Relationship is EVERYTHING to a Chinese person and it is not forged overnight. Thus, if you want to do some serious business with someone from China, start with building the relationship first.
Here are some basic social tips to help you get started.
Take the long view in all your dealings with our Chinese visitors—they appreciate patience and the long-term goal.
Gift Exchanges – Everyone likes to receive gifts and none more so than the Chinese. But there’s a strict protocol to getting the gift-exchange right. Not only is the choice of the gift important, but so is how you wrap it, how you present it and to whom. When deciding on what to give, be thoughtful and considerate and avoid giving something over the top or overly lavish because it could be considered a bribe. Keep in mind that it’s the thoughtfulness behind the gift that’s paramount, not necessarily the cost. Plan to give the most senior person present the most expensive gift and never give the same gift to persons of different rank. And if you’re given a gift, don’t open it immediately.

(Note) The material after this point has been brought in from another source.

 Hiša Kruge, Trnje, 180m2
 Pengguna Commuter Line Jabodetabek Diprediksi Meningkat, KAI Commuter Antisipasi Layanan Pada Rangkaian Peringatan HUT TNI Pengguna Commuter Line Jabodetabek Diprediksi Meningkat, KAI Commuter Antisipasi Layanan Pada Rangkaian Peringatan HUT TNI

Titles – As a general rule, refer to your Chinese guests by their professional titles such as Professor Wong, President Wu, Doctor So or Manager Chou or at the very least Mr. or Mrs. And, omit any defining words such as “deputy” or “assistant.”
Business Cards – Exchanging business cards is a big deal and there are some dos and don’ts associated with the exchange. Chinese people normally use both hands to present or receive the card to show respect. All cards should be carefully read. Never put the card into your back pocket or leave it on the table and never write on it.
Body Language – For Chinese people, overly exuberant smiles, using your index finger to show direction, excessive body language and departing before your guests do are all considered disrespectful.
Tipping – When dining out, one participant pays the bill for the table to show generosity and friendship; the western custom of “going Dutch” is frowned upon.
You’ll find no more appreciative guests than those from the mainland of China. Let’s work together to ensure that the hospitality we extend and the guest experience we deliver is positive and leaves a lasting impression that our country is a great place to visit and maybe to invest in.